A consultation, which ends on 25 June, is now underway to gauge industry and expert reaction to so-called fiscal marks on packaged beer, supply chain legislation and registration of alcohol wholesalers.
As part of the consultation the influential All Party Parliamentary Beer Group (APPBG) of MPs and Peers is currently conducting an inquiry into the issue - how significant the problem is and what the level of response should be. An assembled panel of MPs is currently taking responses from the brewing and pub industry after representatives of the former approached the APPBG with concerns the HMRC were considering legislation on unreliable data.
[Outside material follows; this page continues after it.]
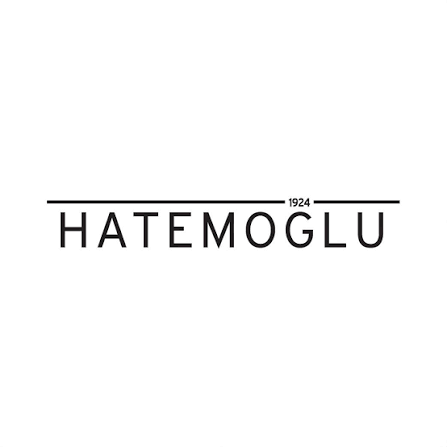 Hatemoğlu logosu
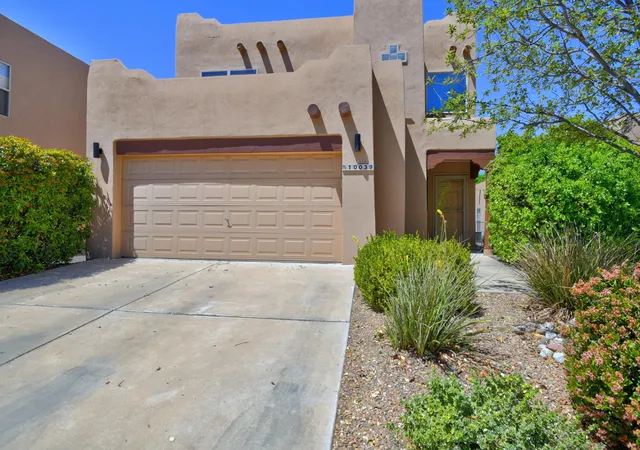 Homes for sale in Albuquerque, NM | 10039 Vista Cantera Ln Nw, Albuquerque, NM 87114 | MLS# 1103649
Under the duty mark plan beer bottles, cans and small containers would be stamped with a 'UK DUTY PAID' label similar to that on cigarettes. The Government has indicated low-risk products such as draught beer, high alcohol volume products and those from small breweries might be exempt.
Announcing the BBPA plan to tackle beer fraud, Brigid Simmonds, chief executive of the organisation, said the problem was not on the scale HMRC were claiming and labelling was disproportionate and would not solve the issue.
"These common sense proposals are the right way forward. They reflect the fact that HMRC already has the powers to tackle fraud - and we can get results by working more closely together. The current strategy is still to be fully implemented and we certainly don’t need costly new legislation or beer stamps, which would be a huge new burden on our industry at a time when the Government says it wants to cut red tape," she said.
The BBPA plan involves the HMRC improving its monitoring and enforcement measure, the industry collecting and sharing more data on movement and trading patterns of beer and registration for alcohol wholesalers.
The formal consultation ends in June but the APPG inquiry, which has received the BBPA plan, is expected to have more time from the Treasury to collect responses and formulate a reaction.